Tutorial¶
The nmrpeaklists library can be used to read, write and edit NMR peak list files. It can also be used to convert between different peak list file formats. Currently, the library supports peak lists from NMRPipe and Sparky, and it can read peak lists in the XEASY and UPL formats.
The library was originally written to support data work flows involving CARA, CYANA and nlinLS. The scripts provided with the library reflect this fact. However, it can be used equally well to support any data flow involving the supported peak list formats.
In the following tutorial, the code blocks assume that the nmrpeaklists library has been imported with the following command.
>>> import nmrpeaklists as npl
Data structures¶
The nmrpeaklists library provides three data structures that aim to mimic the structure of a peak list.

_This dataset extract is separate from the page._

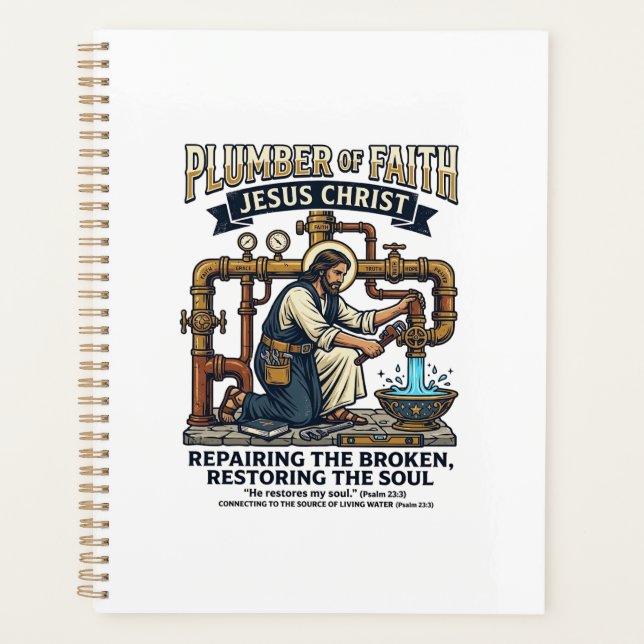 Jesus Plumber Graphic Tee Christian Art_1 Planner (Front)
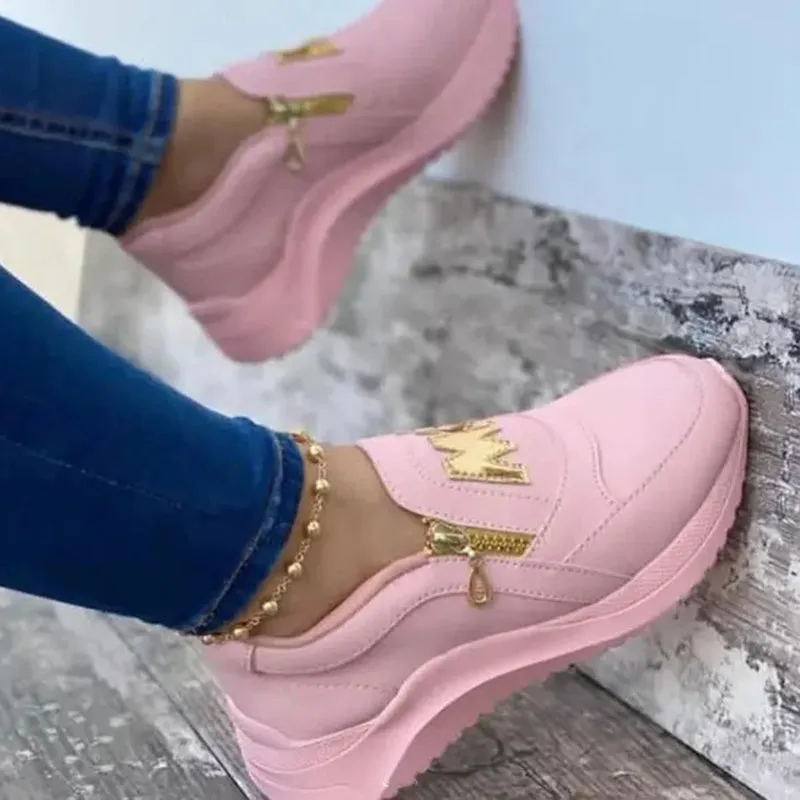 Women Sport Shoes Thick Bottom Solid Color Ladies Vulcanized Sneakers Casual Wedge Walking Shoes Slip On Zipper Women Shoes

A PeakList object represents an entire peak list and is composed of a sequence of Peak objects. Each Peak object represents a single line in a peak list and is composed of a sequence of Spin objects.
Spin¶
A Spin object is a container that holds attributes of a particular NMR spin resonance. A peak in an N-dimensional NMR spectrum is associated with N different spin resonances. Spin objects aggregate attributes of the associated spin resonances, like chemical shift, assignment, line width, etc. The following three attributes are pre-defined for each Spin object:
| Attribute | Meaning |
|---|---|
| res_type | Residue type |
| res_num | Residue number or spin system number |
| atom | Atom name |
Other attributes may be added to Spin objects as necessary. The following table provides a list of suggested attribute names for some common spin parameters:
| Attribute | Meaning |
|---|---|
| shift | Chemical shift |
| shift_pts | Chemical shift in number of points (spectrum specific) |
| width | Line width of the peak in the corresponding dimension |
Spin attributes can be set upon initializing the Spin or added to the Spin after creation.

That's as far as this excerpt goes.